SZA, TDE’s only female artist, rose from “you mean RZA?” to charting at #3 on the Billboard 200 with the release of her debut record, CTRL (pronounced “control”). The Jersey-native, who followed in RZA’s footsteps when it comes to the “Supreme Alphabet,” takes blunt confessions to new heights on CTRL, and it works heavily in her favor. “I’m talking a lot of grimy shit, but it’s truth. I’m exposing a lot of skeletons of mine,” she said in an interview with Entertainment Weekly. The opening song “Supermodel” mentions a time when she slept with her ex-boyfriends best friend because he left her on Valentines Day, which according to SZA will be “the first time he hears about it.”
And that’s just track one on CTRL, a record that dives into all of the insecurities and “ugliness,” as she calls it, of SZA’s past, and performed as masterfully and cohesively as fellow TDE artists such as Kendrick Lamar and ScHoolboy Q’s records come together. “Right now we’re in such a state as Americans, as a society, that we don’t want to deal with anything that’s uncomfortable, “she told EW. “All my dirty laundry is on the line… this album is just straight up laying everything to bed… and I have a whole track dedicated to vaginas. It’s called ‘Doves In the Wind.'”
However, it’s not just the sheer fact that SZA speaks so bluntly that makes CTRL such a unique record. Writing a song (or two) about vagina’s isn’t all it takes for people to offer up some claps, just look at the lyrics of popular songs today and you’ll see plenty of “pussy talk” across the board from Ariana Grande to Young Thug. On “Doves In the Wind,” the “track dedicated to vaginas,” SZA compares herself to the character Jenny from Forrest Gump. In the film, the character Forrest Gump falls for Jenny, who only sleeps with him out of love, an act she initiates because Forrest never pushes for it.
SZA wants a man like that, stating in an interview with The Breakfast Club that “there’s a lot more that I can give you besides pussy that can build you.” It’s a motif of female insecurity that plays out throughout the course of the record, such as on “Drew Barrymore,” wherein she stresses her need for real connection and love as well as sex (“Am I warm enough for ya outside baby/Is it warm enough for ya inside me?”), and on “Normal Girl” (“Wish I was the type of girl you take over to mama/The type of girl, I know my daddy, he’d be proud of”). “I could be your supermodel if you believe/If you see it in me,” she says on the Pharrell Williams-co-write “Supermodel.”

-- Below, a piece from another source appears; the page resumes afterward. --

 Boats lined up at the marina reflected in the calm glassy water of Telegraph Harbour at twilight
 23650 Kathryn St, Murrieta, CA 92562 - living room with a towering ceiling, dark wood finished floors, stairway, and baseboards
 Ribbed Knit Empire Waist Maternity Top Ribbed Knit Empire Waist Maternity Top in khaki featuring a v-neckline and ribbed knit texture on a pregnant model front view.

CTRL isn’t so one-track-minded, however; as tracks such as “Love Galore” and “The Weekend,” are more about the sexual elements of a relationship (or more likely a one-night stand), and the complexities that come with the need for compassion and companionship as well as carnal, sexual energy. “The Weekend” is aptly just like a Weeknd song lyrically, something that I also loved to see in Syd‘s work, and in female R&B/pop artists owning that style of blunt, honest, and sexual lyrics. SZA also shows off a good amount of humor, with bits like Kendrick Lamar’s verse on “Doves in the Wind,” as he uses his “FEEL.”/spoken-word-poet-flow to muse about the power women hold over weak men, and the track “Go Gina,” which references the TV show Martin (just like Chance the Rapper on “Ultra Light Beam.”
The tiny aggravations of some of the features on the record from some of the Travis Scott and Kendrick Lamar lines could have been reeled in a bit, but ultimately they’re just the side-show to SZA’s genre-bending debut. It helps that the sound of CTRL blends the softer moments of Kendrick Lamar’s DAMN. with The Internet’s Ego Death under the vocals of a love-child between Rihanna and Frank Ocean, but SZA owns all the influences as if they were all her own.
With CTRL, SZA joins the ranks of a rare set of artists today that simply understand the modern human condition, and in doing so can produce brutally honest yet artistic records that somehow say more by just saying it candidly, and genuinely. “I think I spent a lot of time hiding vocally, being super low and being super metaphorical because I was scared to get ugly and deal with everything,” she told EW, “I welcome fear now.”